Feijoo, who won 98.35% of the vote, was the only candidate to lead the PP after an internal scandal brought down previous leader Pablo Casado and tipped the party, which for decades traded power with the incumbent Socialists, into crisis.
The PP has been losing ground to new parties that sprang up in the wake of Spain’s financial crash, key among them the far-right Vox, which splintered off from the PP in 2014 and is now the third-largest force in parliament.
Feijoo has led the northwestern Galicia region for 13 years, having won four consecutive regional elections without losing a single seat to the far right.
“Thank you for choosing me as the president of the PP. The really important thing now is to continue together so that Spaniards choose us for the future,” he told a party conference in Seville on Saturday.
Corruption scandals, which have dogged the PP for years, led in 2018 to the party being ousted from power in a no-confidence vote.
In the last national election, in November 2019, the PP barely won 5 million votes compared with 10.9 million garnered in 2011. The next election is due in late 2023.
By contrast, VOX came from nowhere to take almost 3.6 million votes in 2019 and has secured its first position in a regional government thanks to a coalition agreement with the PP in Castile and Leon.

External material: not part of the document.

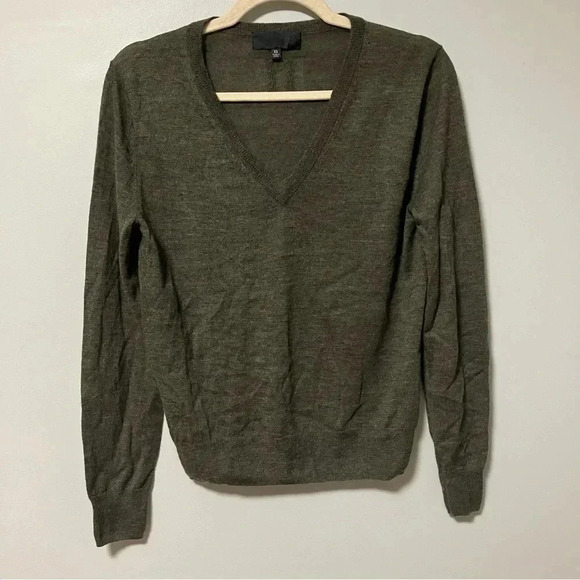 Nili Lotan 100% cashmere army green  v neck sweater - Picture 1 of 6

One of the main decisions facing Feijoo is whether to continue pursuing political alliances with Vox or to freeze them out, as some voices within the PP are calling for.
A senior PP source said Vox’s splinter origins meant that the PP “is not giving up on winning back Vox voters”.
Feijoo aims to widen his base to become a catch-all centrist party, the same source said, although it is unclear how he will achieve this goal.
Spain’s growing political fragmentation makes it difficult to regain majorities like those of the years when a two-party system reigned. In 2019, some 16 parties were represented in the lower house, and more small groups have since emerged.